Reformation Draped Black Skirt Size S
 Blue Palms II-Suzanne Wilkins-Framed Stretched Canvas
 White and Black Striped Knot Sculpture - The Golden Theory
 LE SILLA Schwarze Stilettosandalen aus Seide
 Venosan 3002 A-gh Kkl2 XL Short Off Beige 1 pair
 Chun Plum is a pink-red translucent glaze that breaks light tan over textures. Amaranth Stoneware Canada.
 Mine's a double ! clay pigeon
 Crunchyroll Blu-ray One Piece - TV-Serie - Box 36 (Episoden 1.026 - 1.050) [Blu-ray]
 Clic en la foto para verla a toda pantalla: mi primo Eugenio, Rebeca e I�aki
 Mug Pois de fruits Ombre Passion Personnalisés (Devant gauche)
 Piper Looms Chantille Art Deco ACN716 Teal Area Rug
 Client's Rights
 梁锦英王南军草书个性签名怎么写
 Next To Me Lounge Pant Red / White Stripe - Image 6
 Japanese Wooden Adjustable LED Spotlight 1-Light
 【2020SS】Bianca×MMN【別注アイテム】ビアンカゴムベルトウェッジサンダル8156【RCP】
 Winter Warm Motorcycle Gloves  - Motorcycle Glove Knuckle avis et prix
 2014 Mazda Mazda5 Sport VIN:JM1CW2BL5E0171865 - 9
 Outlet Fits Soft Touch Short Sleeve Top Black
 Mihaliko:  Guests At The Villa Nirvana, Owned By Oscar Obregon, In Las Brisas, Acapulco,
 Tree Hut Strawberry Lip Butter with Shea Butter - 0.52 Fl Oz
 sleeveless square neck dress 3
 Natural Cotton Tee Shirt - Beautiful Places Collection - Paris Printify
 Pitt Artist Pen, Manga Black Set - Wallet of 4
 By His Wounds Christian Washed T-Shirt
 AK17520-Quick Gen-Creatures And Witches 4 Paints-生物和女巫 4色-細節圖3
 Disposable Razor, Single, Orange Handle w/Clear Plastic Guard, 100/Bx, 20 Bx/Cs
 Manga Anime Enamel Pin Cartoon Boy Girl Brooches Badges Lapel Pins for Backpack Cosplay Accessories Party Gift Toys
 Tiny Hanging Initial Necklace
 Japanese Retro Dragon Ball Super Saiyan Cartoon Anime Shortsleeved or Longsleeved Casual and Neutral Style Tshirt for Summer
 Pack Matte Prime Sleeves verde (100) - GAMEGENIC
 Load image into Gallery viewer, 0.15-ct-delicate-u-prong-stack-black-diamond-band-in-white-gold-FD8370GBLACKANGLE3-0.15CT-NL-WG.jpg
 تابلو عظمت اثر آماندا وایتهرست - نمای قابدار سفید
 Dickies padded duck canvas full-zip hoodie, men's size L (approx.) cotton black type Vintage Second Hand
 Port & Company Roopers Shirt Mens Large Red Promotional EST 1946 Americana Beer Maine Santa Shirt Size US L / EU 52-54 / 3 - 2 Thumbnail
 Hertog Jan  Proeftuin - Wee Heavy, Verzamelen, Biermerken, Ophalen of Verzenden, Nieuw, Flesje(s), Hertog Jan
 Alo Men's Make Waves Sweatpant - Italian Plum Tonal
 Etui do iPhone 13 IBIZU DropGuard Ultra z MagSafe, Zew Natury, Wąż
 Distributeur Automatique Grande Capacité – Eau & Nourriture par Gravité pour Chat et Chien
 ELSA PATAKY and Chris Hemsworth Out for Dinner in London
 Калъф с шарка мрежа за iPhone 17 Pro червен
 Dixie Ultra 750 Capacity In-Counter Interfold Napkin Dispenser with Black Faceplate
- - - - - - -
Above are the records; print exactly the lines from the line with "White and Black" to the line with "تابلو عظمت اثر", including both, and nothing else.

 White and Black Striped Knot Sculpture - The Golden Theory
 LE SILLA Schwarze Stilettosandalen aus Seide
 Venosan 3002 A-gh Kkl2 XL Short Off Beige 1 pair
 Chun Plum is a pink-red translucent glaze that breaks light tan over textures. Amaranth Stoneware Canada.
 Mine's a double ! clay pigeon
 Crunchyroll Blu-ray One Piece - TV-Serie - Box 36 (Episoden 1.026 - 1.050) [Blu-ray]
 Clic en la foto para verla a toda pantalla: mi primo Eugenio, Rebeca e I�aki
 Mug Pois de fruits Ombre Passion Personnalisés (Devant gauche)
 Piper Looms Chantille Art Deco ACN716 Teal Area Rug
 Client's Rights
 梁锦英王南军草书个性签名怎么写
 Next To Me Lounge Pant Red / White Stripe - Image 6
 Japanese Wooden Adjustable LED Spotlight 1-Light
 【2020SS】Bianca×MMN【別注アイテム】ビアンカゴムベルトウェッジサンダル8156【RCP】
 Winter Warm Motorcycle Gloves  - Motorcycle Glove Knuckle avis et prix
 2014 Mazda Mazda5 Sport VIN:JM1CW2BL5E0171865 - 9
 Outlet Fits Soft Touch Short Sleeve Top Black
 Mihaliko:  Guests At The Villa Nirvana, Owned By Oscar Obregon, In Las Brisas, Acapulco,
 Tree Hut Strawberry Lip Butter with Shea Butter - 0.52 Fl Oz
 sleeveless square neck dress 3
 Natural Cotton Tee Shirt - Beautiful Places Collection - Paris Printify
 Pitt Artist Pen, Manga Black Set - Wallet of 4
 By His Wounds Christian Washed T-Shirt
 AK17520-Quick Gen-Creatures And Witches 4 Paints-生物和女巫 4色-細節圖3
 Disposable Razor, Single, Orange Handle w/Clear Plastic Guard, 100/Bx, 20 Bx/Cs
 Manga Anime Enamel Pin Cartoon Boy Girl Brooches Badges Lapel Pins for Backpack Cosplay Accessories Party Gift Toys
 Tiny Hanging Initial Necklace
 Japanese Retro Dragon Ball Super Saiyan Cartoon Anime Shortsleeved or Longsleeved Casual and Neutral Style Tshirt for Summer
 Pack Matte Prime Sleeves verde (100) - GAMEGENIC
 Load image into Gallery viewer, 0.15-ct-delicate-u-prong-stack-black-diamond-band-in-white-gold-FD8370GBLACKANGLE3-0.15CT-NL-WG.jpg
 تابلو عظمت اثر آماندا وایتهرست - نمای قابدار سفید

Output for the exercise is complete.